# Playing Music from Android Phone Through USB



## MikeW (Nov 29, 2010)

The only way I have been able to play music from my Android phone through the stereo was to use a patch cable from the headphone jack to the 1/8 input and use the "Aux" input. No control of the phone through the radio interface.


----------



## scarletwhite (Aug 27, 2011)

So does the Cruze not have the ability to stream audio via Bluetooth? I have a Blackberry on its last leg so I have not even tried, but my friend's Camaro syncs wirelessly with his iPhone and he can play his music that way. He kept telling me mine should work the same way (but we could not find it in the owner's manual) when I upgrade my phone in a month. This is a little disappointing.


----------



## MH86 (Oct 2, 2011)

MikeW said:


> The only way I have been able to play music from my Android phone through the stereo was to use a patch cable from the headphone jack to the 1/8 input and use the "Aux" input. No control of the phone through the radio interface.


I just don't understand how I got my phone to play music through the radio interface that one time.

Has anyone successfully got their Android to play music through the USB?

Thanks for the answers so far.


----------



## LennonVC (Oct 2, 2011)

I play music through the USB with my android phone (Nexus S 4G) and my 2012 Cruze LS with connectivity kit.

I have all my music saved as DRM free MP3's in a folder called "music" in the main directory.

When I plug it in I get the popup menu to "Turn on USB Storage" from the menu bar. I hit "Turn on USB Storage" and then hit "OK".

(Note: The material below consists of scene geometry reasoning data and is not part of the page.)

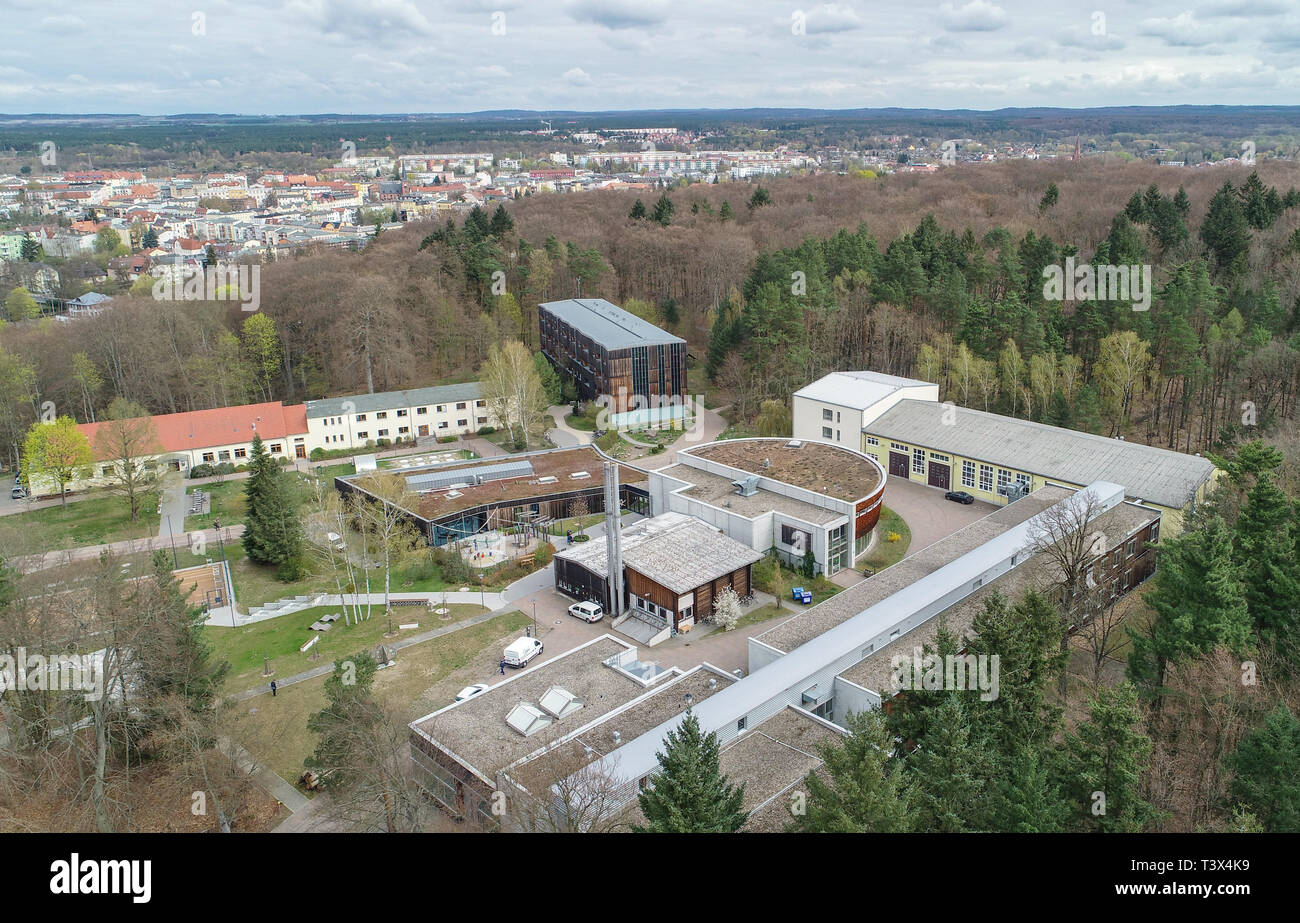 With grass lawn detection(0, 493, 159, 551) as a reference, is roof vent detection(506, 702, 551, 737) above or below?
below

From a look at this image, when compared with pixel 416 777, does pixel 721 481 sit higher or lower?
higher

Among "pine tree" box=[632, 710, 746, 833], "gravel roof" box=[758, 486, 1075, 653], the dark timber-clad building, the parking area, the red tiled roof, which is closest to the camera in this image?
"pine tree" box=[632, 710, 746, 833]

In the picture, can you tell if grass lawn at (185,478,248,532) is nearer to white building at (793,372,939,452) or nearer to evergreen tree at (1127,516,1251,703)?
white building at (793,372,939,452)

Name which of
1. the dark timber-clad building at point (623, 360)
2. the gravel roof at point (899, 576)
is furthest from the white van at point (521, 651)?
the dark timber-clad building at point (623, 360)

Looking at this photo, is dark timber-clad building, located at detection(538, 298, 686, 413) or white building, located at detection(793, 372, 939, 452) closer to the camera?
white building, located at detection(793, 372, 939, 452)

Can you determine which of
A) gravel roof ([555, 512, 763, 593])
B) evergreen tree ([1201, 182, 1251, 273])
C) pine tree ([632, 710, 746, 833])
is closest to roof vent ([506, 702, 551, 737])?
gravel roof ([555, 512, 763, 593]) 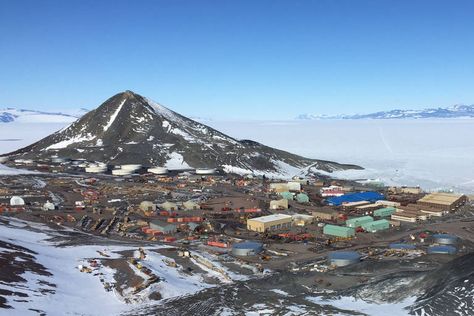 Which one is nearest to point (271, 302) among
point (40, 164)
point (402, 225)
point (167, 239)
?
point (167, 239)

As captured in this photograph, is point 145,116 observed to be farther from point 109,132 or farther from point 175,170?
point 175,170

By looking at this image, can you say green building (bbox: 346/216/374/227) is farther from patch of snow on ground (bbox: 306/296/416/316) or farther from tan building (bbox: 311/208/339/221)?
patch of snow on ground (bbox: 306/296/416/316)

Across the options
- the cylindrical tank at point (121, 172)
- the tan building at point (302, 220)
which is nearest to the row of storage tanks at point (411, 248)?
the tan building at point (302, 220)

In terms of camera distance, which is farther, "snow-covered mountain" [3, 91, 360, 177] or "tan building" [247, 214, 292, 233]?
"snow-covered mountain" [3, 91, 360, 177]

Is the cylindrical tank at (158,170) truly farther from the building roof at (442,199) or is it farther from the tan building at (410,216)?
the tan building at (410,216)

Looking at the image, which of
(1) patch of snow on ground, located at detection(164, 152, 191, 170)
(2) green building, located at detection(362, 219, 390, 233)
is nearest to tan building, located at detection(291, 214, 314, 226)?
(2) green building, located at detection(362, 219, 390, 233)

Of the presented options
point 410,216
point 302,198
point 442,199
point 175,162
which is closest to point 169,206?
point 302,198

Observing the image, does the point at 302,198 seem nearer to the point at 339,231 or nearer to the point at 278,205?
the point at 278,205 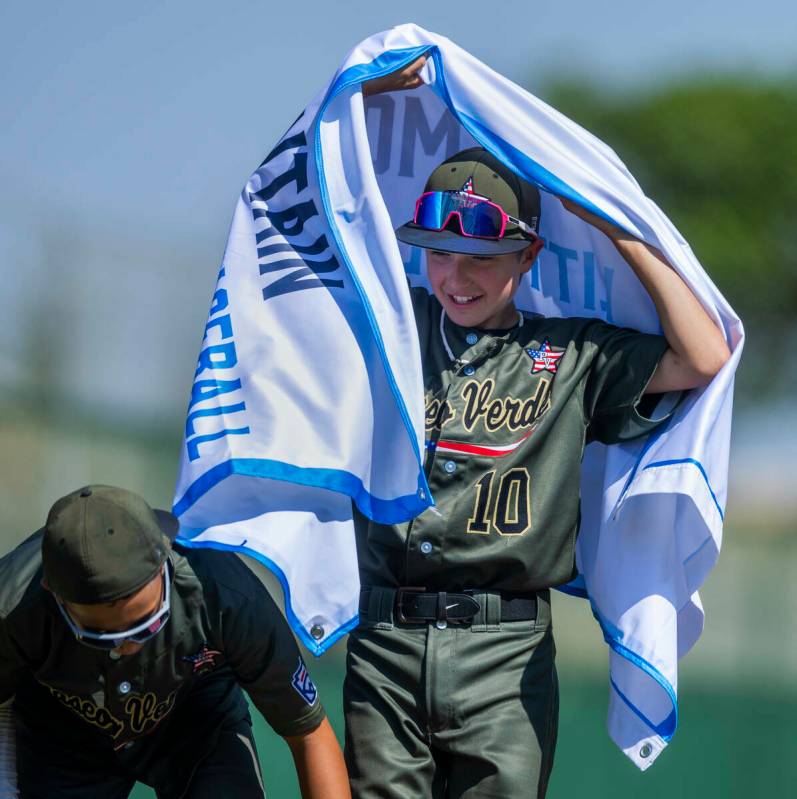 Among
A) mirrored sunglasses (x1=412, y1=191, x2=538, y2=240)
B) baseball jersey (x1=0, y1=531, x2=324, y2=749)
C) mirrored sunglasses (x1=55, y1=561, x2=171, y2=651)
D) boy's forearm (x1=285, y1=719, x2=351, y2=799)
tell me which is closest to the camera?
mirrored sunglasses (x1=55, y1=561, x2=171, y2=651)

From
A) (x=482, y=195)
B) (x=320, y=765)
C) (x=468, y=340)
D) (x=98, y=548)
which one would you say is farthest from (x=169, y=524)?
(x=482, y=195)

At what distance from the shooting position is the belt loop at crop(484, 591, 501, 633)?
3531 millimetres

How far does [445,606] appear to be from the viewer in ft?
11.5

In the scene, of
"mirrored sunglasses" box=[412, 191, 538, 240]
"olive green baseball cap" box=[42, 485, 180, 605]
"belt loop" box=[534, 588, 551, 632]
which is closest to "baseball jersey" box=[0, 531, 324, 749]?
"olive green baseball cap" box=[42, 485, 180, 605]

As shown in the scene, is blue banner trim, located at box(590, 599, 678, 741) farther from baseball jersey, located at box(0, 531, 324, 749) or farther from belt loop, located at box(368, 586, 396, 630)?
baseball jersey, located at box(0, 531, 324, 749)

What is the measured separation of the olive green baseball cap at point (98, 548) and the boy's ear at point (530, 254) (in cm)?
130

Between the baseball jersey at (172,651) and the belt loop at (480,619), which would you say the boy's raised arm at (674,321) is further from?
the baseball jersey at (172,651)

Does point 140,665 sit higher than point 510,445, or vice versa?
point 510,445

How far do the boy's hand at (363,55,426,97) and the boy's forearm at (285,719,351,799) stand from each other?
1.70m

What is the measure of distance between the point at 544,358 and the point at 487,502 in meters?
0.43

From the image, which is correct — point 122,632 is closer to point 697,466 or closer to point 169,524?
point 169,524

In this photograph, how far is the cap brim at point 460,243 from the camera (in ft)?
11.8

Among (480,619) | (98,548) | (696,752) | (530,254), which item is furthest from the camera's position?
(696,752)

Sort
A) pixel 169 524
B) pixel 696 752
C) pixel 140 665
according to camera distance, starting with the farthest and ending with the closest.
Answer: pixel 696 752 → pixel 169 524 → pixel 140 665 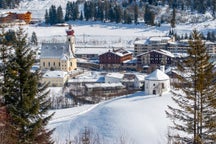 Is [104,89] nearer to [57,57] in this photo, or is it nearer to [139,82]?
[139,82]

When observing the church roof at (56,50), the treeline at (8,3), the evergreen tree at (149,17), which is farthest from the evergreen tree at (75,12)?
the church roof at (56,50)

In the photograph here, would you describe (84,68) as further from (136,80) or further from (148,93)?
(148,93)

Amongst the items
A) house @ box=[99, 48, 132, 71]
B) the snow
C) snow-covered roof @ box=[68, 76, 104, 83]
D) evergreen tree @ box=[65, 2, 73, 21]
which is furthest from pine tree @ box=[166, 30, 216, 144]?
evergreen tree @ box=[65, 2, 73, 21]

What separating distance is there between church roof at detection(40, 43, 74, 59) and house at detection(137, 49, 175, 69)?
431cm

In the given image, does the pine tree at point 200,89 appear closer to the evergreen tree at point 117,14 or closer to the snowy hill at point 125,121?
the snowy hill at point 125,121

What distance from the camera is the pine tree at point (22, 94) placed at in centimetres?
610

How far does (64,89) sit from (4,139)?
17808 millimetres

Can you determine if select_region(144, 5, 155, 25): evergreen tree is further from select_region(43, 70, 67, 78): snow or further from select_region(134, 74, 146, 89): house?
select_region(134, 74, 146, 89): house

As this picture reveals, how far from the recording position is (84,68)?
2945cm

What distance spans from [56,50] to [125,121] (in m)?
15.0

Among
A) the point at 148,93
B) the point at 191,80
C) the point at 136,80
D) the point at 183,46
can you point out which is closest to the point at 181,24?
the point at 183,46

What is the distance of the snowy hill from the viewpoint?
13469 mm

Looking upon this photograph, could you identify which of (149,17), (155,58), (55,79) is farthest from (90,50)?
(55,79)

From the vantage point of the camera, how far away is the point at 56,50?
28656 mm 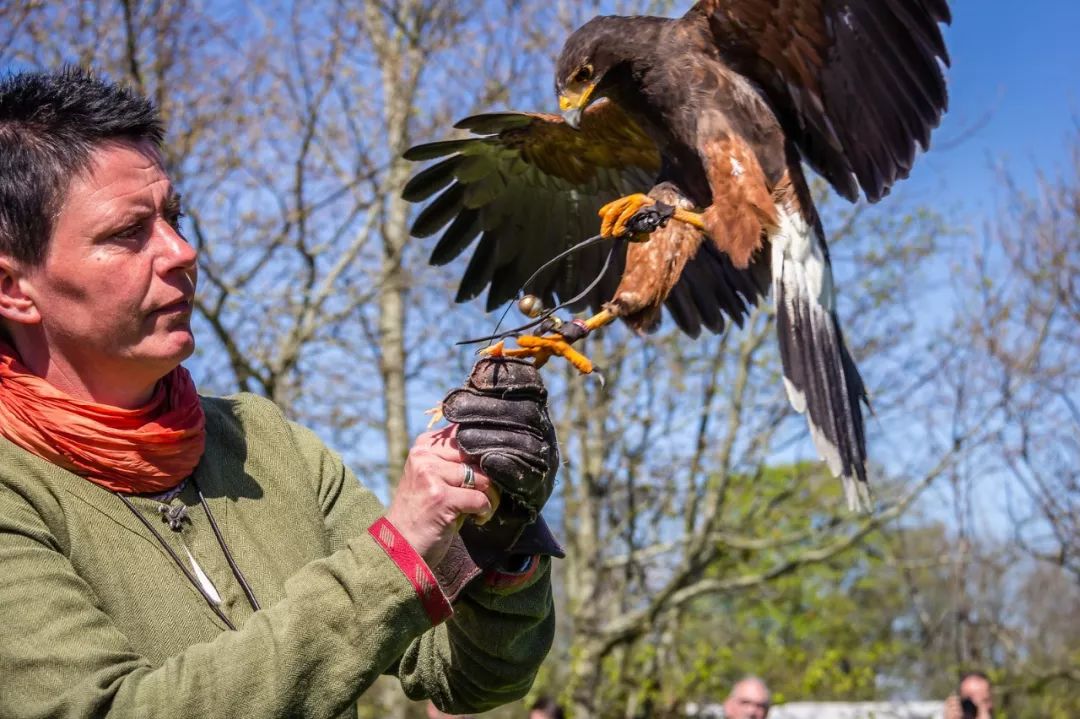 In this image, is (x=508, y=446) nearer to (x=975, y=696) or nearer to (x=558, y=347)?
(x=558, y=347)

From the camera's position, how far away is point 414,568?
130 centimetres

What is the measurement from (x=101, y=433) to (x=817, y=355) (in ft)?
6.17

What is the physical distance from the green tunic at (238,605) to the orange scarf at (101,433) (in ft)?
0.08

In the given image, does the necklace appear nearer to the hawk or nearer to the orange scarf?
the orange scarf

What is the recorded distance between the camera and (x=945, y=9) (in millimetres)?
2666

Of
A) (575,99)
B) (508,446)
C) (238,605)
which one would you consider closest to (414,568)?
(508,446)

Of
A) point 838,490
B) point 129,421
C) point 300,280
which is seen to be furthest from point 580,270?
point 838,490

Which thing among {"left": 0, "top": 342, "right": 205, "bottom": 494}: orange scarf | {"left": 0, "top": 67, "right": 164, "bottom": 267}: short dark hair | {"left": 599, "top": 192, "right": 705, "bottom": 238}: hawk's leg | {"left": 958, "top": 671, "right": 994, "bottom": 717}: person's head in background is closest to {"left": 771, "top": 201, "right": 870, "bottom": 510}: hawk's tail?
{"left": 599, "top": 192, "right": 705, "bottom": 238}: hawk's leg

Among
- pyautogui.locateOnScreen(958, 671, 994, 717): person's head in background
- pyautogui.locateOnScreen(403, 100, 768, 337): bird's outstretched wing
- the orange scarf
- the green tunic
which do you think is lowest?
the green tunic

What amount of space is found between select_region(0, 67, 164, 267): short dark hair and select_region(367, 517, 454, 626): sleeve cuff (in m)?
0.60

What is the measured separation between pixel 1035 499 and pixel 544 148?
7.16 m

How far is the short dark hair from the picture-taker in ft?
4.82

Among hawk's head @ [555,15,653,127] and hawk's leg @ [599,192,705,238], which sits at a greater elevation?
hawk's head @ [555,15,653,127]

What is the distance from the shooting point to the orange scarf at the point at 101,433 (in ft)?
4.77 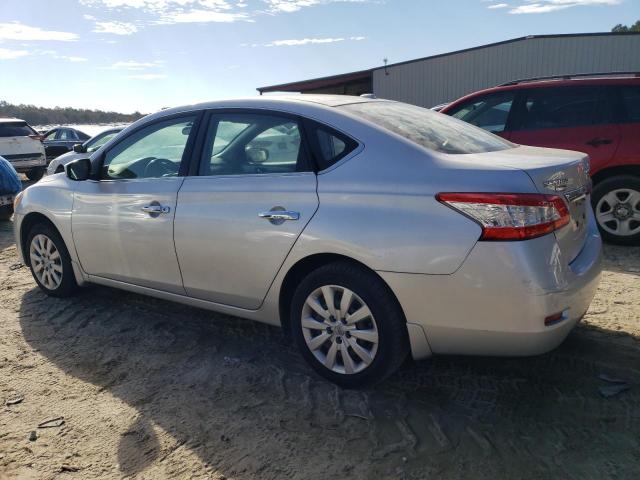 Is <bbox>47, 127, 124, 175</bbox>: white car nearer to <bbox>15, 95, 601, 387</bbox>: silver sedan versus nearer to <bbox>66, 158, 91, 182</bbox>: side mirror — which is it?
<bbox>66, 158, 91, 182</bbox>: side mirror

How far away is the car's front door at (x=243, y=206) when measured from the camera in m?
3.02

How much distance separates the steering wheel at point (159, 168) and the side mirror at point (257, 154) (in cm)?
61

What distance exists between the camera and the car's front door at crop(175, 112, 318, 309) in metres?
3.02

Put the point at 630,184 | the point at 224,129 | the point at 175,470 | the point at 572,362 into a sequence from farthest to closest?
1. the point at 630,184
2. the point at 224,129
3. the point at 572,362
4. the point at 175,470

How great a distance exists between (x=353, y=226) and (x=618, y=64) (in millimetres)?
20116

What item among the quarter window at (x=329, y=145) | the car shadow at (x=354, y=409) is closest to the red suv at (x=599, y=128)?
the car shadow at (x=354, y=409)

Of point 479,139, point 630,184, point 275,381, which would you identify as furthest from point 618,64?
point 275,381

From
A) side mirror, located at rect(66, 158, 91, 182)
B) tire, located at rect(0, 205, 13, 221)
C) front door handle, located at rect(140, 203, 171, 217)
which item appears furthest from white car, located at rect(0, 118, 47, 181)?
front door handle, located at rect(140, 203, 171, 217)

It takes a few seconds for the car to index all the music. Then I hit "CD/AUX" on my receiver till I get to "Nexus S".

I use the menu button to to search for an album and it play my music without a hitch.


----------



## MH86 (Oct 2, 2011)

*I figured it out!!*

I really hate to be answering my own question. But I figured out the problem: For some reason, it takes the car much longer to index the music from my phone than it does from the iPod Touch. After plugging in the phone, I had to press "Done" after the stereo displayed "Device Not Supported." Then, once the car started reading through my phone (the point where you can no longer access apps that are stored on the SD Card), it suddenly displayed "USB Device - LG Vortex."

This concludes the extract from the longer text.